『近鉄球団、かく戦えり』日経ビジネス人文庫 浜田昭八著


ともかく近鉄といったら買い、買いである。


球団が無くなって1年経つくらいなのだが、遠い昔のことのようにも思える。そんなに多くない自分の趣味を奪われた苦い記憶として、しっかりと頭の中に焼きついている。内容はさほど濃くはないが、近鉄球団の成立から、草創期の苦しみ、初優勝へ、10.19、奇跡の代打満塁逆転サヨナラ優勝ホームラン、そして球団の消滅・・・まぎれもない一つの国の歴史であったと感じた。

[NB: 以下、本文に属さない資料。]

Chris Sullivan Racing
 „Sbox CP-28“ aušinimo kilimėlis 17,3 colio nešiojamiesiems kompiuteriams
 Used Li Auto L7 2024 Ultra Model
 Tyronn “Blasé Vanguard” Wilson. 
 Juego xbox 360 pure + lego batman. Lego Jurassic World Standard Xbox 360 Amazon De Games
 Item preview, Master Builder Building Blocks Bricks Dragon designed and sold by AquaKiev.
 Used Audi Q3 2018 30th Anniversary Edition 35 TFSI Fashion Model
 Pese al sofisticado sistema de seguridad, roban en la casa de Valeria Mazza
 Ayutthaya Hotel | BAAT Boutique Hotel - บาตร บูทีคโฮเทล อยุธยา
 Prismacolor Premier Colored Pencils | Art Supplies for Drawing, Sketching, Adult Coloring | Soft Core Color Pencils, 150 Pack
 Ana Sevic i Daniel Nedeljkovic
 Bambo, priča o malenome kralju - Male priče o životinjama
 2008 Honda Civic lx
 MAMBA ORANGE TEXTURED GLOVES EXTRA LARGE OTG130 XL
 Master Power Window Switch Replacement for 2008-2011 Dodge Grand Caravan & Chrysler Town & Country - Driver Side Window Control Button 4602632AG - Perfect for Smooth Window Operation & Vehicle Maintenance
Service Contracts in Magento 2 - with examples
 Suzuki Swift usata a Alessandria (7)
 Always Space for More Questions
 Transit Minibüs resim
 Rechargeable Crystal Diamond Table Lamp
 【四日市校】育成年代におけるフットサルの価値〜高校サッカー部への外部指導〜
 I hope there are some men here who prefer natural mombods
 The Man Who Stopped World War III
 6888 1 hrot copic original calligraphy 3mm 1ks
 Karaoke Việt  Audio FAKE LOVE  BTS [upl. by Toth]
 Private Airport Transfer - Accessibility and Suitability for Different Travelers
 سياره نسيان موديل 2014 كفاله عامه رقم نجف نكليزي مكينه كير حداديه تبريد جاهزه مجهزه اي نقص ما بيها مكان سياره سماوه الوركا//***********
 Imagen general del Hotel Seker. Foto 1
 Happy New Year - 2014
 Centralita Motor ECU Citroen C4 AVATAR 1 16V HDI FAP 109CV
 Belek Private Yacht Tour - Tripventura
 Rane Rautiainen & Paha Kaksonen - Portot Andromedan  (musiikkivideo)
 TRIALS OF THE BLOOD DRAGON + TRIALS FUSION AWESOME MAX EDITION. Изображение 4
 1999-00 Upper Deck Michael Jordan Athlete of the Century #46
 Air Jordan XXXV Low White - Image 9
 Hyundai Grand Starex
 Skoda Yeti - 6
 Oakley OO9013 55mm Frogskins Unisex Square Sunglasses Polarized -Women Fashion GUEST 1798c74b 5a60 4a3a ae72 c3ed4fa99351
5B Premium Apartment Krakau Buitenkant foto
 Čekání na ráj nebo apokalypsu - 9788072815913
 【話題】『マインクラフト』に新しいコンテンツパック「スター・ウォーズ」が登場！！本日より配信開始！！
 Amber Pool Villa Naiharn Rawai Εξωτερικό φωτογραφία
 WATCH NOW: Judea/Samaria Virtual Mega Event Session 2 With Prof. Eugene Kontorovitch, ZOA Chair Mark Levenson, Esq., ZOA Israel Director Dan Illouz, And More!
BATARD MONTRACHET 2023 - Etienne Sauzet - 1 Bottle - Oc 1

強国となることもなく、為政者の苦心により輝いた時期もあったものの、覇者になることは後一歩で叶わず、そして静かに滅び去っていく、果たして何人が心に留めるのかこの球団を、できれば死ぬまでこの球団を見届けてみたかった。いったいいつになったら優勝してくれるのかと、そればかり考えていた。リーグ優勝を見たときは、家でガンガン飛び上がって、思わず泣いた、そんな人が日本には何人かはいたと思う、例えどんな弱小球団でも、愛する人はいっぱいいたのだ。


そんな合併の最中で、騒ぎを面白おかしく取り扱ってからかったり、近鉄なんて弱小でファンも少ない球団はいらないなんていった球界関係者もいた。そういった人々が牛耳る日本球界が、今大リーグの危機に晒されている。


近鉄の末裔の選手たちの活躍を見つつ、球界がよくなることを願ってやまない。